Exercise brief: Without the pictures, repeat the listing character for character.

Data extract:
◆ ◆ ◆ ◆

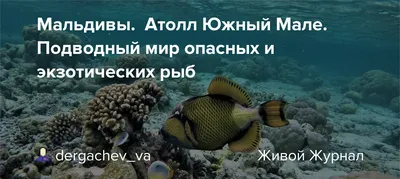 Triggerfish | Рыбы Красного моря | Рыбы Красного моря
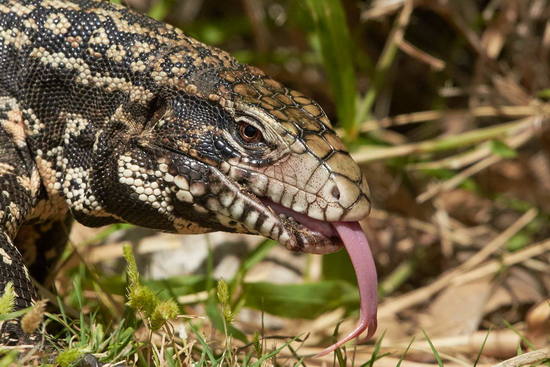 Black-and-white tegu lizard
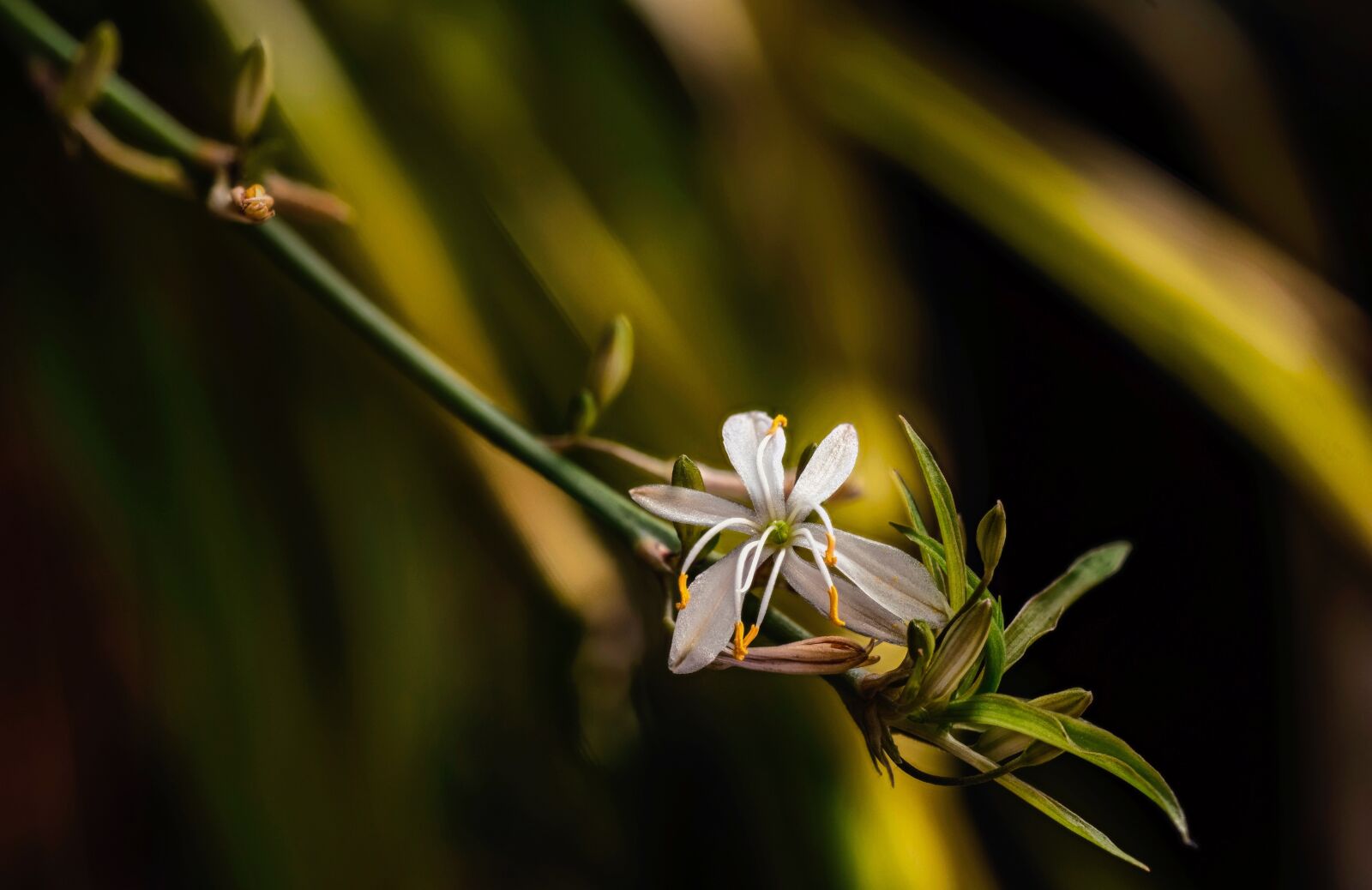 Nikon D750 sample photo. Small flower, nature photography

◆ ◆ ◆ ◆

Output of the task:
 Triggerfish | Рыбы Красного моря | Рыбы Красного моря
 Black-and-white tegu lizard
 Nikon D750 sample photo. Small flower, nature photography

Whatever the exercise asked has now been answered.